К тому же, кому знать предпочтения модниц, если не одной из них?
— Как успехи? — спрашивает для начала.
Я отчитываюсь перед ней как перед главным боссом. Продажи растут, человек не хватает, штат будем расширять, иначе загнемся. С социальными сетями и торговым представителем пока тишина, но мы ещё не подавали заявку на порталы по поиску вакансий. Отзывы на восемьдесят процентов положительные. Так что мы — на гребне волны.
— Как раз об этом я и собиралась поговорить, — перебивает Лера на середине фразы. — О нашем росте. Мы ввязались в опасную игру, не находишь?
— Почему?
Она, вооружившись палочками, макает ролл с лососем в соевый соус.
— Нас легко потопить. Три девочки не выдержат нагрузки, и нас запросто сожрут конкуренты.
Лера выдерживает театральную паузу и грустно хлопает ресницами. Изображает святую наивность, но я-то в курсе, какая у неё акулья хватка. Под внешностью девочки-конфетки скрывается фурия, с которой я бы не рискнула связываться.

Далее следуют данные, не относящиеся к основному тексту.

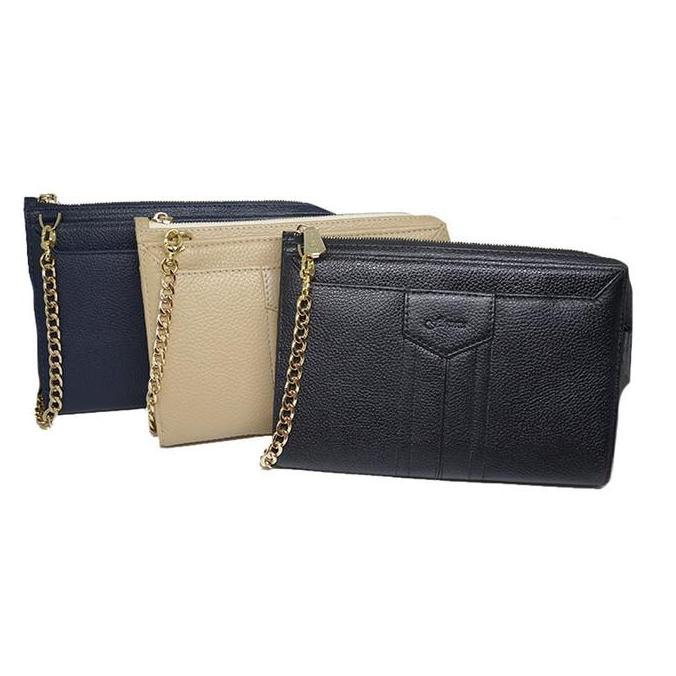 Tas selempang kulit asli Fiorenza FL 3111M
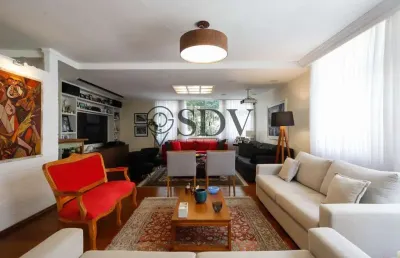Apartamento com 3 quartos à venda na rua emílio de menezes, 518, santa cecília, são paulo por r$ 1.900.000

— У тебя есть план? — задаю вопрос, которого она давно ждет.
Лера смущается.
— Небольшой. Появился желающий выкупить нашу компанию. — Я разеваю рот для ответа, но она машет палочками. — Постой, выслушай меня! Человек очень солидный, тоже занимающийся интернет-продажами. Собирается расширять бизнес в одежду, и наш «Ли-бертэ» — предел его мечтаний. Он предлагает деньги, которых ни ты, ни я не видывали. Единственное условие — он требует полную власть. Придется переоформить фирму. Но всё не так плохо! — Лера опять замолкает, позволяя мне переварить информацию. — Нас не уволят. Ира займет место директора по персоналу, ты — коммерческого директора. Оклад поставят за сотку. Здорово?
— А ты?
— Что я?
— Какое место займешь ты? — терпеливо поясняю я и все-таки отпиваю от коктейля. Ком, стоящий в горле, нарастает.
Она задумывается, значит, к вопросу не готовилась. Думала, что я обалдею от открывшейся перспективы стать каким-то там директором и забуду обо всем.
— Тоже директором по… — Она отводит взгляд. — По связям с общественностью. Буду рекламу налаживать и всякое такое. Сашка, не спеши отказывать. Мы все выиграем от этой сделки. С вас спадет груз ответственности. Невозможно отслеживать все операции самостоятельно. Ну, не глупи! Компания давно переросла нас троих, и скоро мы её не удержим.